• **Material for this exercise**:

========================================================================

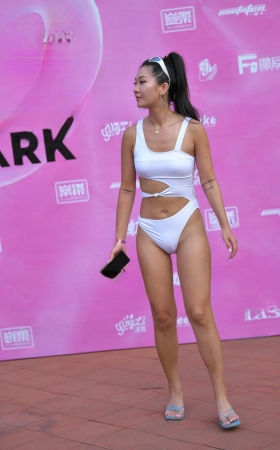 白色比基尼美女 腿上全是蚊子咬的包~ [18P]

========================================================================

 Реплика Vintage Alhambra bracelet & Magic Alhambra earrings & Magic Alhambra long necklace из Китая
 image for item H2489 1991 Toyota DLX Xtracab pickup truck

========================================================================

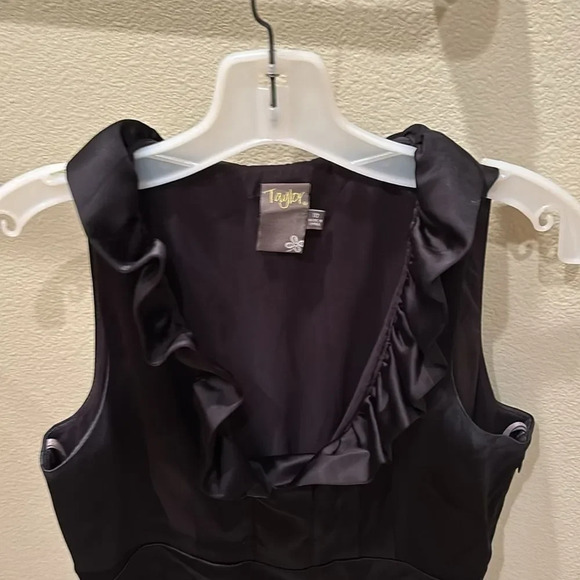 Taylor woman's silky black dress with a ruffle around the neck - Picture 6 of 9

========================================================================

• **About this task**: Given the records above, restate word for word only the lines starting at the one with "Реплика Vintage Alhambra" and ending at the one with "image for item".

• **Exercise answer**:
 Реплика Vintage Alhambra bracelet & Magic Alhambra earrings & Magic Alhambra long necklace из Китая
 image for item H2489 1991 Toyota DLX Xtracab pickup truck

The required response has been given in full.